正想著,忽聽父親提到范華大師已經抵達英國,他在唐人街盤下一間鋪子,專門替人算命。趙以思握著馬克杯的手緊了緊,這老神棍還真是陰魂不散。
另一頭的沈懷戒的臉色沉了下來,他與五太太對視一眼,放下手中的刀叉,道:“大哥,我聽說唐人街的當鋪一價難求,我們不妨與范華大師打個商量,在他鋪中掛些明代山水畫,假若找他算命的主顧看上哪幅畫,我們便宜些賣給他們,這樣也好積累人脈。”

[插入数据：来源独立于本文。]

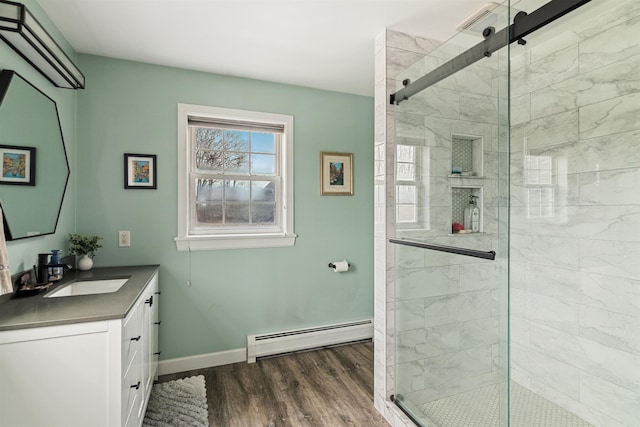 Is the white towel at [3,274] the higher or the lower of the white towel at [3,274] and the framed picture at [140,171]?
the lower

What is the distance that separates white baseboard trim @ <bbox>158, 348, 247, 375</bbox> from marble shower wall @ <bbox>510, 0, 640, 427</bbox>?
2.10 metres

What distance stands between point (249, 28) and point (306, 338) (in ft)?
7.91

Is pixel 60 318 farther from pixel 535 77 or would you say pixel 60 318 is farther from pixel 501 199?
pixel 535 77

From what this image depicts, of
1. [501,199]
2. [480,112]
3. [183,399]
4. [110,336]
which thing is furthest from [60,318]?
[480,112]

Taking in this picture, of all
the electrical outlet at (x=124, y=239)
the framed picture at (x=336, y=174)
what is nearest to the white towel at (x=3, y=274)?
the electrical outlet at (x=124, y=239)

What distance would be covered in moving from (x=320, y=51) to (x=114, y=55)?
1467 mm

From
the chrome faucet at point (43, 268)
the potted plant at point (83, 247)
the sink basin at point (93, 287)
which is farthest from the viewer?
the potted plant at point (83, 247)

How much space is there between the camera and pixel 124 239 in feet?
7.48

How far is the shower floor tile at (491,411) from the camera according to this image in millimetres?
1540

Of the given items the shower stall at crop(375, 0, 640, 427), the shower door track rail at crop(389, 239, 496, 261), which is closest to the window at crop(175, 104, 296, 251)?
the shower stall at crop(375, 0, 640, 427)

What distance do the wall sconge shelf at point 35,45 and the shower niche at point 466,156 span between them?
2.06 meters

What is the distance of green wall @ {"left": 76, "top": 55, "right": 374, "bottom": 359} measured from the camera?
2.24 metres

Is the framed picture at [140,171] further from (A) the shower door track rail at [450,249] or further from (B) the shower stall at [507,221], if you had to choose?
(A) the shower door track rail at [450,249]

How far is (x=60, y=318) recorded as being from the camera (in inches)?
47.2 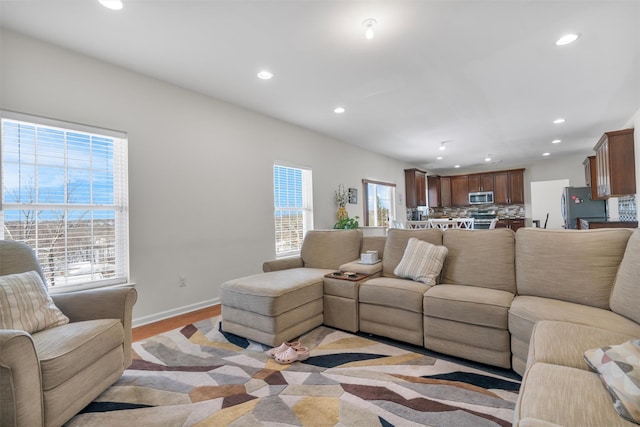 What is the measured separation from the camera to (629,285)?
1739mm

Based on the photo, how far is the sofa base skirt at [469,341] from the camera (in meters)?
2.03

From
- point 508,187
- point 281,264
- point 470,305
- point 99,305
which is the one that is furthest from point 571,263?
point 508,187

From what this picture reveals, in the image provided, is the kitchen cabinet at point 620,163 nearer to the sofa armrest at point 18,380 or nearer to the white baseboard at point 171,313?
the white baseboard at point 171,313

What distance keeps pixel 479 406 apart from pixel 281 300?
60.0 inches

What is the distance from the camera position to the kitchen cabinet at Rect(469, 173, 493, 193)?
28.2ft

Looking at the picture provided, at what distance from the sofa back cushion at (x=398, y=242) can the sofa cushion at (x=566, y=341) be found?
137cm

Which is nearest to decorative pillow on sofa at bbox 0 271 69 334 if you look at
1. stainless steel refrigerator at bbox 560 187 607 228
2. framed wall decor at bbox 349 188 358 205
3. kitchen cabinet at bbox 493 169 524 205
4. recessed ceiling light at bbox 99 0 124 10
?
recessed ceiling light at bbox 99 0 124 10

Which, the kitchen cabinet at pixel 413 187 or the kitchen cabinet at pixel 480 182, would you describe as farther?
the kitchen cabinet at pixel 480 182

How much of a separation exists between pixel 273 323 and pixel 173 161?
221 cm

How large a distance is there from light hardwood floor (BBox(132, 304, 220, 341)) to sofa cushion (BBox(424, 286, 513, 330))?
2415 mm

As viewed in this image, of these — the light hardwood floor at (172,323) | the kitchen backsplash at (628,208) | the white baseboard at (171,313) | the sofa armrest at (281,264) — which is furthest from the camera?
the kitchen backsplash at (628,208)

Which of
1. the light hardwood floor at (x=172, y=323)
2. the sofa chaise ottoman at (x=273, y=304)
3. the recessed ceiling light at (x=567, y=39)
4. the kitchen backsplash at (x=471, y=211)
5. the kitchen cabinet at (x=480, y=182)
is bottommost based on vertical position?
the light hardwood floor at (x=172, y=323)

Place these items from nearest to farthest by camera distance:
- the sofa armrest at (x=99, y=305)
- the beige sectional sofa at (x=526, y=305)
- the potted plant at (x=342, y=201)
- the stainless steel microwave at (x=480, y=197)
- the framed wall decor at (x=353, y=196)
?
the beige sectional sofa at (x=526, y=305) < the sofa armrest at (x=99, y=305) < the potted plant at (x=342, y=201) < the framed wall decor at (x=353, y=196) < the stainless steel microwave at (x=480, y=197)

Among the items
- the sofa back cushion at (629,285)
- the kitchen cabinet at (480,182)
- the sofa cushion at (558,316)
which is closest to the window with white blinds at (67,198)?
the sofa cushion at (558,316) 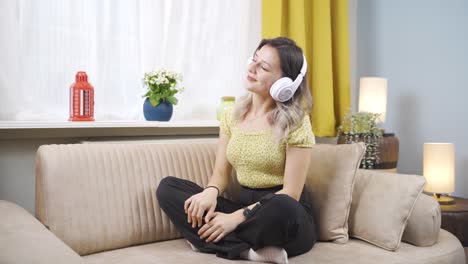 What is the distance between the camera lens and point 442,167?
240 cm

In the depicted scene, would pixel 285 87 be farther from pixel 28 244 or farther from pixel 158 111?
pixel 28 244

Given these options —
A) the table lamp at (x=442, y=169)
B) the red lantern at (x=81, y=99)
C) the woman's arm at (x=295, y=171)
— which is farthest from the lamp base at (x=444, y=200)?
the red lantern at (x=81, y=99)

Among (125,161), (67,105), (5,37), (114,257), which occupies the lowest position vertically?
(114,257)

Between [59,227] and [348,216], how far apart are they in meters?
1.01

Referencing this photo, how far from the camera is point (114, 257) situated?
63.6 inches

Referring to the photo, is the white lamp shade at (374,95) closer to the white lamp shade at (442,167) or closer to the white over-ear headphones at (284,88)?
the white lamp shade at (442,167)

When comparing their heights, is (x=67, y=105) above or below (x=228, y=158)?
above

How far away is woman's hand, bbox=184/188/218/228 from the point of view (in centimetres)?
165

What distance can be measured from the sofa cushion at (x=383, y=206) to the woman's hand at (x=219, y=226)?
0.47m

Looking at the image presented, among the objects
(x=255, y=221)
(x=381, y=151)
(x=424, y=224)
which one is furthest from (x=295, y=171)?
(x=381, y=151)

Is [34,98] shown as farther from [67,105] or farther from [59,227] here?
[59,227]

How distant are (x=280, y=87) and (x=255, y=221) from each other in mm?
472

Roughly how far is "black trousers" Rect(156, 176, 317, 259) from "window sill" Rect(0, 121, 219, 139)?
18.0 inches

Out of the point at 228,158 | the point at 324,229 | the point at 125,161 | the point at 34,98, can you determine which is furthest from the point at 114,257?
the point at 34,98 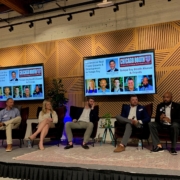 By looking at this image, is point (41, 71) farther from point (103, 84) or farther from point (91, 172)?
point (91, 172)

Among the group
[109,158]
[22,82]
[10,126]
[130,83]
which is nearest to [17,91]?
[22,82]

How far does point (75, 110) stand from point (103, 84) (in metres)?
0.94

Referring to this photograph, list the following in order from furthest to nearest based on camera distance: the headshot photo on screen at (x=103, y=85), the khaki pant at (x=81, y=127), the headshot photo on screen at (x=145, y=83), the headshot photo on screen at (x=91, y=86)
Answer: the headshot photo on screen at (x=91, y=86) → the headshot photo on screen at (x=103, y=85) → the headshot photo on screen at (x=145, y=83) → the khaki pant at (x=81, y=127)

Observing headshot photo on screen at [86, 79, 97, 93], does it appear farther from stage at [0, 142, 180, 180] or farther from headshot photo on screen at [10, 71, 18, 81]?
headshot photo on screen at [10, 71, 18, 81]

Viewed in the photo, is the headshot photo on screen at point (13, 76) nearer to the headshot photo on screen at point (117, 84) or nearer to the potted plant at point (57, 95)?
the potted plant at point (57, 95)

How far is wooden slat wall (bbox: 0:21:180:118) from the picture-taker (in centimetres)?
560

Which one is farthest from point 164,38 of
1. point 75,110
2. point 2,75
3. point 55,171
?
point 2,75

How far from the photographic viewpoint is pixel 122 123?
15.9ft

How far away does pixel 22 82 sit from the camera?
6953 millimetres

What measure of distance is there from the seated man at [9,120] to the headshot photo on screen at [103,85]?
6.62 ft

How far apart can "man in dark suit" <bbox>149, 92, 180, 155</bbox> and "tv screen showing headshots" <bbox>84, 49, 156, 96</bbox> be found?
0.85 metres

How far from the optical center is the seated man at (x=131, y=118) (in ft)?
14.9

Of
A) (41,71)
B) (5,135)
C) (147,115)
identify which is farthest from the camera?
(41,71)

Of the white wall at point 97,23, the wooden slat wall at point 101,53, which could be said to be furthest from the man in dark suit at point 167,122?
the white wall at point 97,23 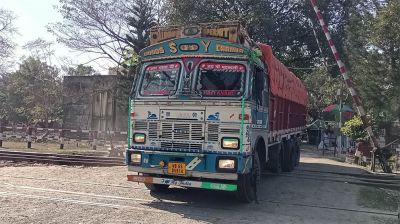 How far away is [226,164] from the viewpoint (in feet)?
25.8

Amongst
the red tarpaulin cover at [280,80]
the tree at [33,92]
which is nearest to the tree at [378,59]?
the red tarpaulin cover at [280,80]

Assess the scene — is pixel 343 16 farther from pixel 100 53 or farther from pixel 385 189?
pixel 385 189

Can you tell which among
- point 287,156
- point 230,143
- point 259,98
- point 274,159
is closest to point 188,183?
point 230,143

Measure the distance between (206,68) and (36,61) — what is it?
40.9 m

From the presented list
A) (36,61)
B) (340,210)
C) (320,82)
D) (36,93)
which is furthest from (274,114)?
(36,61)

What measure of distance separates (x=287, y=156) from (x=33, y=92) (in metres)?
31.9

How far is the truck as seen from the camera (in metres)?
7.91

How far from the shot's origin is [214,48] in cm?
845

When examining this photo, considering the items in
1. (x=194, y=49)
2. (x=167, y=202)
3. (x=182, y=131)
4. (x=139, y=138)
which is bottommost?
(x=167, y=202)

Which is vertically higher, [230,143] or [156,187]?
[230,143]

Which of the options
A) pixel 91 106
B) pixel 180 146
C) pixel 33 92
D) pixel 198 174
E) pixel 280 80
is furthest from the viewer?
pixel 33 92

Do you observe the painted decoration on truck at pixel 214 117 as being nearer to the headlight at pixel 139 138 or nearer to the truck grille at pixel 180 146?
the truck grille at pixel 180 146

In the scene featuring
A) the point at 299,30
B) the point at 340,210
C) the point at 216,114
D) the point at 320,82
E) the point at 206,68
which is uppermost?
the point at 299,30

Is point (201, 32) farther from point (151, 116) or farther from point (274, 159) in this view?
point (274, 159) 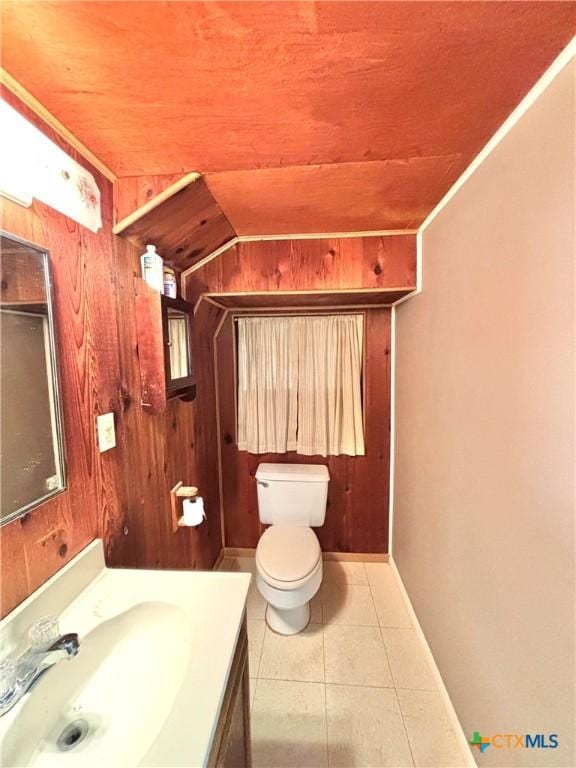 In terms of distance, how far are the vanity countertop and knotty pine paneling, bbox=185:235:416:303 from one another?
1.26m

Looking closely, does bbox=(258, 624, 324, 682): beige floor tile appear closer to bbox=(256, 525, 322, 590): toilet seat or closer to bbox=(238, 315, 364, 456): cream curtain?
bbox=(256, 525, 322, 590): toilet seat

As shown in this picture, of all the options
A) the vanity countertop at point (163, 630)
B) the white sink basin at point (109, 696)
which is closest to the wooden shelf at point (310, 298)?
the vanity countertop at point (163, 630)

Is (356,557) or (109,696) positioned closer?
(109,696)

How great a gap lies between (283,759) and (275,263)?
2112 millimetres

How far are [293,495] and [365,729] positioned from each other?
107 cm

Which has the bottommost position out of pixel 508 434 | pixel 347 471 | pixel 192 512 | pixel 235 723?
pixel 235 723

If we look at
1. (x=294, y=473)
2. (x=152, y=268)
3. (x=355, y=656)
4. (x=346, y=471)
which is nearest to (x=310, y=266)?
(x=152, y=268)

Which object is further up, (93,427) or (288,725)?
(93,427)

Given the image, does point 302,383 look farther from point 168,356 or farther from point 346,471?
point 168,356

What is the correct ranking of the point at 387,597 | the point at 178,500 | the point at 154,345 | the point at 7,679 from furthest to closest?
the point at 387,597, the point at 178,500, the point at 154,345, the point at 7,679

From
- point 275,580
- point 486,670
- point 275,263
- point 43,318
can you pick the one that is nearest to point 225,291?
point 275,263

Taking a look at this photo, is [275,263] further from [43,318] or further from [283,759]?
[283,759]

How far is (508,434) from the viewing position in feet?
2.78

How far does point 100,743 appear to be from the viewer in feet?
2.03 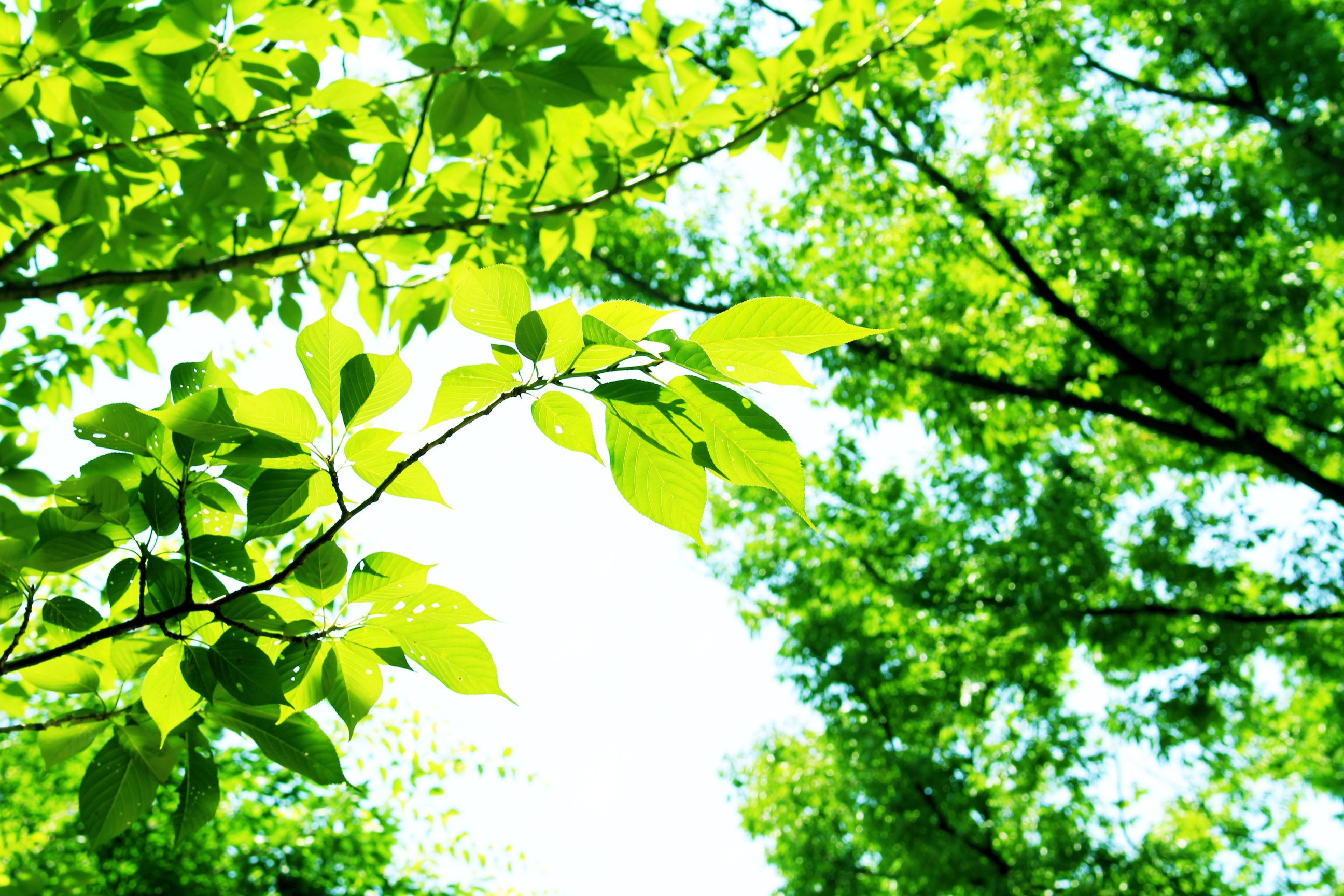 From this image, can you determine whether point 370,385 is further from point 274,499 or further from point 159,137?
point 159,137

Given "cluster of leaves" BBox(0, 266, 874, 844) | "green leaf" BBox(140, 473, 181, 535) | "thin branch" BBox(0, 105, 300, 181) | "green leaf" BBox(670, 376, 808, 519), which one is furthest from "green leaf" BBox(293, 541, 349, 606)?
"thin branch" BBox(0, 105, 300, 181)

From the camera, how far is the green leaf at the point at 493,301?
0.62m

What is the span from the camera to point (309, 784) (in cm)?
478

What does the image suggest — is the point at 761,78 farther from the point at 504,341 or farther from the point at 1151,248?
the point at 1151,248

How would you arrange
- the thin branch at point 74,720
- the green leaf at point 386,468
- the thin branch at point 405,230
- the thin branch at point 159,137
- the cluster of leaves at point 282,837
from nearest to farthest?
the green leaf at point 386,468, the thin branch at point 74,720, the thin branch at point 159,137, the thin branch at point 405,230, the cluster of leaves at point 282,837

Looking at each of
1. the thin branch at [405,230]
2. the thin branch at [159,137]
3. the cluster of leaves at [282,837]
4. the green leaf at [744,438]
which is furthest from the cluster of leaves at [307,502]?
the cluster of leaves at [282,837]

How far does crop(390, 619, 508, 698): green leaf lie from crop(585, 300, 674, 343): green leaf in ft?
0.92

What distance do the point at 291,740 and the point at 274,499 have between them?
28 centimetres

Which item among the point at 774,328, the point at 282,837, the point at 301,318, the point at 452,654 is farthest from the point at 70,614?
the point at 282,837

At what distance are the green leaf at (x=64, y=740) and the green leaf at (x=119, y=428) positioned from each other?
0.32 metres

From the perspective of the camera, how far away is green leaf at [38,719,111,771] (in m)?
0.86

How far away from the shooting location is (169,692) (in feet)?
2.45

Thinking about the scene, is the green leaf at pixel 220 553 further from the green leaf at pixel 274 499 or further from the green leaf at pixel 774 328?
the green leaf at pixel 774 328

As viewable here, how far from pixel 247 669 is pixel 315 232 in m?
1.60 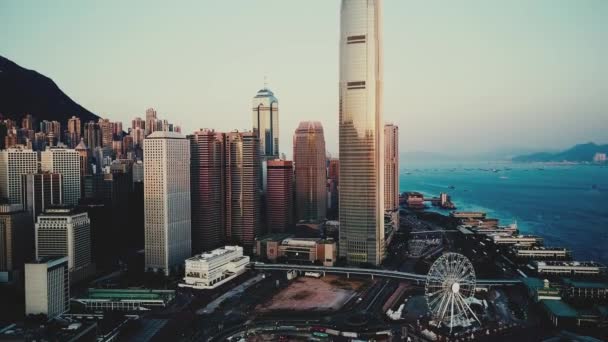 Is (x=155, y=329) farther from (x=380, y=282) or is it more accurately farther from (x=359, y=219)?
(x=359, y=219)

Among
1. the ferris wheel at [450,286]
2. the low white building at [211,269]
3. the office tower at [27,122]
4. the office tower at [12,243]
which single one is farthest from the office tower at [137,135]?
the ferris wheel at [450,286]

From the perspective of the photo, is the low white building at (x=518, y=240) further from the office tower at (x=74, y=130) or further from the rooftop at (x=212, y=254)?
the office tower at (x=74, y=130)

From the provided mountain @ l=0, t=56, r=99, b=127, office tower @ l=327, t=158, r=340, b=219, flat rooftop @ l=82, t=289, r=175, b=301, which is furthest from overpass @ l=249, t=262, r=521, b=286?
mountain @ l=0, t=56, r=99, b=127

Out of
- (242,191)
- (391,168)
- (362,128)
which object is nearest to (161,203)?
(242,191)

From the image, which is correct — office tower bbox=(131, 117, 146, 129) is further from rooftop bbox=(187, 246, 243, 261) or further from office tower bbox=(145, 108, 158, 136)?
rooftop bbox=(187, 246, 243, 261)

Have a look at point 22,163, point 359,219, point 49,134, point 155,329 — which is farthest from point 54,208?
point 49,134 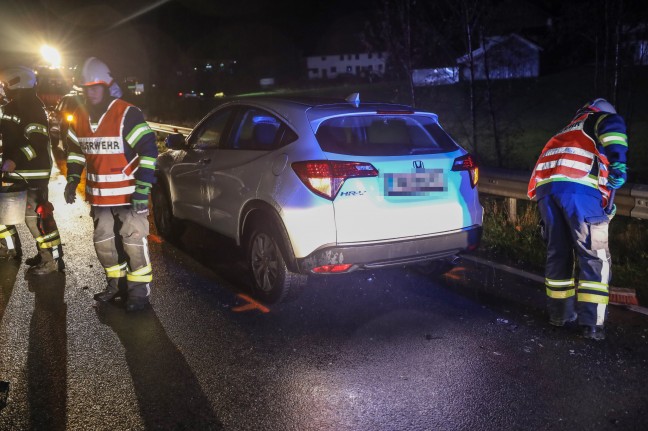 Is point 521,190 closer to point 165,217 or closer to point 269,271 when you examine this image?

老爺擦了擦嘴角,若有所思地看過來,他繼續道:“當然,范華大師那邊我們也需要打點,要不送他兩箱昆明運來的岫玉擺件?”
老爺沉吟片刻,露出欣慰的神色,“好主意,我最近正愁著租不到當鋪,咱這幾十箱寶貝賣不出去。”
沈懷戒舉起茶杯,微微致意,“大哥若放心,這事全權交給我來辦。”
老爺呵呵一笑,“好啊,你辦事我放心。”他抿了一口熱茶,余光瞥到親兒子身上,不屑地哼了聲。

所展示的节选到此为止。